[Start of Attachment]

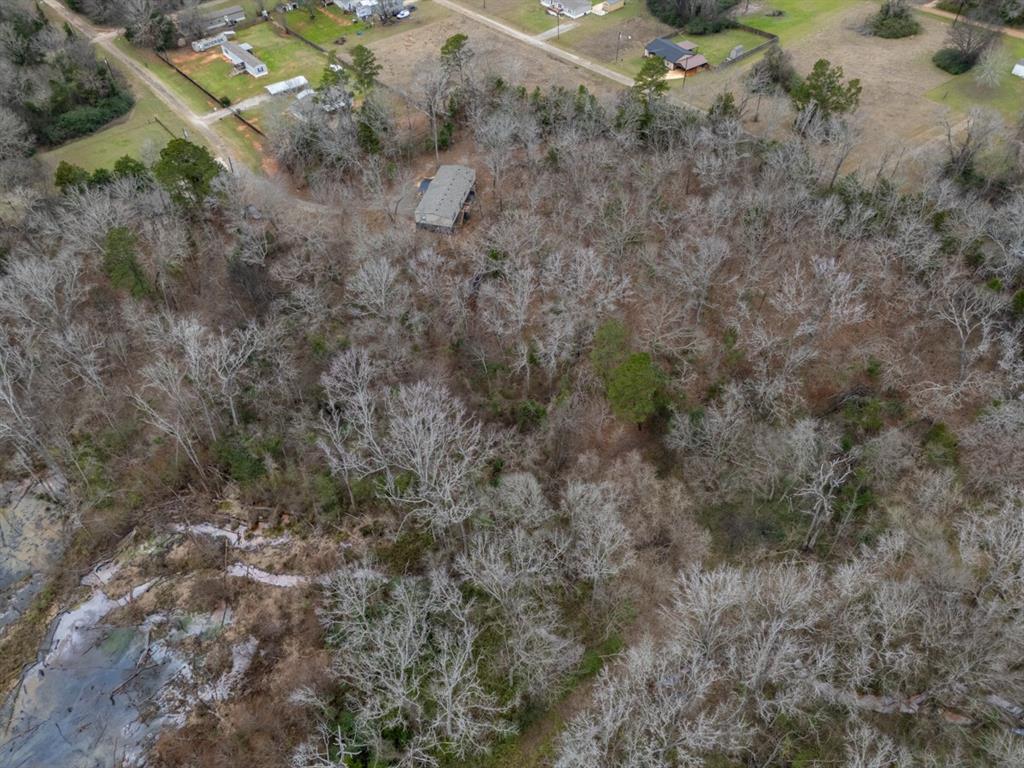 185 Sabine Bullard, TX 75757 - Photo 13 of 32 a view of a dry yard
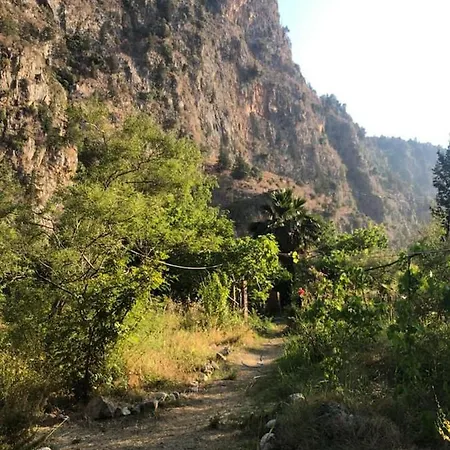 Luxury tent Butterfly Valley Glamping Fethiye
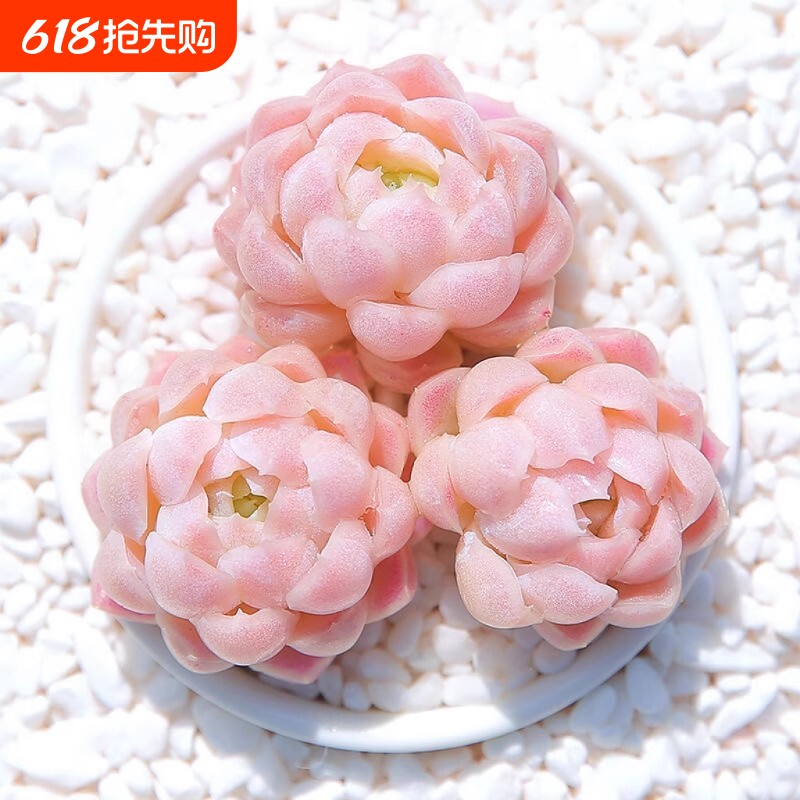 【新店】月影女神阿尔巴多头群生多肉植物花卉盆栽稀有办公室阳台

[End of Attachment]

- [WHAT NEEDS TO BE DONE]:
Word for word, repeat the lines of data above, omitting every picture.

- [RESULT OF THIS EXERCISE]:
 185 Sabine Bullard, TX 75757 - Photo 13 of 32 a view of a dry yard
 Luxury tent Butterfly Valley Glamping Fethiye
 【新店】月影女神阿尔巴多头群生多肉植物花卉盆栽稀有办公室阳台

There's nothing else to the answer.